Experimental Food Webs
We assembled freshwater food webs in 30 outdoor mesocosms (370 L tanks) at the University of British Columbia, Vancouver, Canada (49°14’52” N, 132°13’57” W). From June 26th to August 28th 2012, we experimentally manipulated temperature (10 levels) and food chain length (3 levels: algae-only, algae + zooplankton, and algae + zooplankton + predator food chains, Fig. 1A-B). Initially (experiment day 7) mesocosms were inoculated with pondwater (1L) containing living algae, collected and filtered through a 64-μm sieve to remove zooplankton and larvae. Three days later, we collected zooplankton at Trout Lake, Vancouver, B.C. (49°15’23” N, 123°03’44” W), with a vertical tow net (64-μm mesh). Zooplankton were mixed in buckets to homogenize species composition, acclimated overnight to mesocosm temperatures and dead organisms removed. Initial experimental communities consisted of 25 phytoplankton taxa (S1) and predominantly 2 zooplankton taxa (the cladoceran Daphnia sp., and calanoid copepod Eurytemora sp.), though a few cyclopoid copepods were included. To ensure colonization of grazing zooplankton, two individuals of Daphnia sp. and ten Eurytemora sp. were added to each consumer treatment (all 2- and 3-TL ecosystems). We introduced 2 individual notonectid predators (Notonecta undulata) on July 3rd, 2012 (experiment day 7) to 10 3-TL tanks. Notonectids generate trophic cascades by suppressing zooplankton (Mcardle & Lawton, 1979). Notonectids did not reproduce during the experiment, and we replaced dead notonectids during the experiment with similar-sized individuals from the same source population.
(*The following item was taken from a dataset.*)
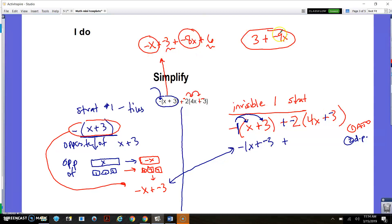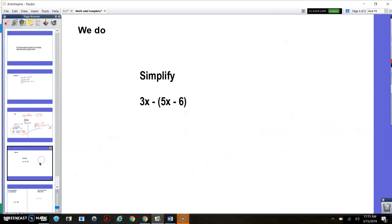So that's a second possible strategy. My two strategies are: think of it as an opposite sign and use the tiles to make them opposite, or turn it into an invisible negative 1 and distribute it. Open your math notebook, and let's do one together. This one's a little different than the last one, but the same kind of thing is going to apply.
Abiotic and biotic conditions
Mesocosms were filled with municipal water and left for one week to allow chlorine to evaporate before organisms were introduced (Kratina et al., 2012). We added 160-μg NaNO3 L-1 and 10-μg KH2PO4 L-1 to each tank (16:1 N:P) on experiment day 7. Water was heated with submersible aquarium heaters (50, 100, 150, 200, 250, 300, 350, 400, 450 Watt) to increase temperature above ambient daily temperature. Temperature differences among tanks were consistent throughout the course of the experiment (Fig. 1C). Mesocosms were covered with two layers of window screen to minimize colonization by other invertebrates. Water levels were maintained by natural precipitation and weekly additions to maintain volume. The spatially randomized assignment of temperature and trophic treatments eliminated systematic variation in negligible allochthonous carbon inputs.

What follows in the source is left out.